Description yitp.support 2022-07-27 01:27:43 MDT
Customer wants to divide a physical node into some virtual nodes, then use them exclusively.
Currently I'm thinking of using GRES with "Cores=" specification.

For example,
#####################
in gres.conf:
NodeName=node[01-04] AutoDetect=off Name=vnode File=/tmp/dummy0 Cores=0-3
NodeName=node[01-04] AutoDetect=off Name=vnode File=/tmp/dummy1 Cores=4-7
NodeName=node[01-04] AutoDetect=off Name=vnode File=/tmp/dummy2 Cores=8-11
NodeName=node[01-04] AutoDetect=off Name=vnode File=/tmp/dummy3 Cores=12-15

in slurm.conf:
GresTypes=vnode

then,
$ sbatch --gres=vnode:2 --gres-flags=enforce-binding --wrap "sleep 100"
#####################

But "--gres" doesn't mean the total number of GRES, but the number of GRES on each node.
I'd like to specify the "total" in order to minimize the number of the nodes.

On the other hand, "--gpus" option is available for GPU resource and we can request the total number of GPUs.
Is it possible to define dummy GPU resource and use it for our purpose?

Or is there any other ways that satisfy customer's request?
Comment 3 Scott Hilton 2022-07-28 16:51:05 MDT
Cores does not force separation of jobs. It just makes a gres prefer to be bound to said cores. I don't think this is what you are looking for.

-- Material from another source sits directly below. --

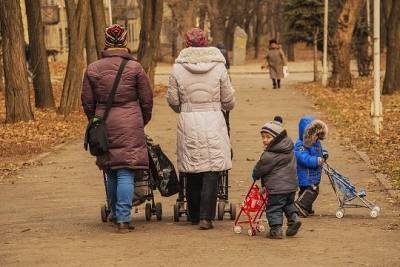 Профсоюзы предложили сделать бессрочными пособия безработным с детьми - versia.ru - Россия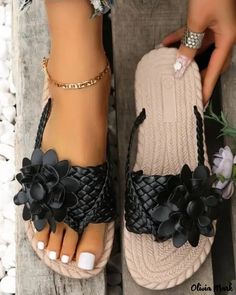 Color: black, Size: US7 Boho Styl, Boho Mode, Flower Flat, Floral Flats, Boho Sandals, Toe Post Sandals, Mode Boho, Chic Type, Flat Slipper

Why does a customer want to divide a physical node into some virtual nodes? What is the use case? Perhaps I can suggest a good better workaround if I know exactly what they are trying to accomplish.
Comment 4 yitp.support 2022-07-28 17:41:29 MDT
Currently customer is using nodes exclusively.
But recently the number of cores in the CPU is becoming larger, and not all user needs such a large number of cores for the job.
So customer is thinking of using each NUMA domain as a virtual node, and assign it to a job exclusively.
In this way, users can use full memory bandwidth and minimize the penalty of inter-NUMA memory access.
At the same time, customer also wants small size jobs to share and run on the rest resources for increasing system utilization.

For example:
 node[01-02]: 16core, 4core/NUMA

 Job1: -n 28 -c 1 => Use node01 and NUMA[0-2] in node02 exclusively
 Job2: -n 1 -c 1  => run on NUMA4 in node02
 Job3: -n 1 -c 2  => run on NUMA4 in node02
Comment 5 Scott Hilton 2022-07-29 09:53:40 MDT
Perhaps you could use this parameter along with the socket based options.
SlurmdParameters=numa_node_as_socket
https://slurm.schedmd.com/slurm.conf.html#OPT_SlurmdParameters

Specifically look at --ntasks-per-socket, --cpu-bind=socket, --distribution, and --extra-node-info (though there are more socket based options that may be useful):
https://slurm.schedmd.com/srun.html

Let me know if this is a workable solution and if you have questions about any socket options.

-Scott
Comment 6 yitp.support 2022-07-29 13:10:01 MDT
Could you show me the parameters that achieve the condition of the example shown in comment #4?
SelectType=
SelectTypeParameters=
NodeName=
PartitionName=
Comment 7 Scott Hilton 2022-08-01 10:22:36 MDT
You will need hwloc v2 for numa_node_as_socket to work as mentioned in the documentation.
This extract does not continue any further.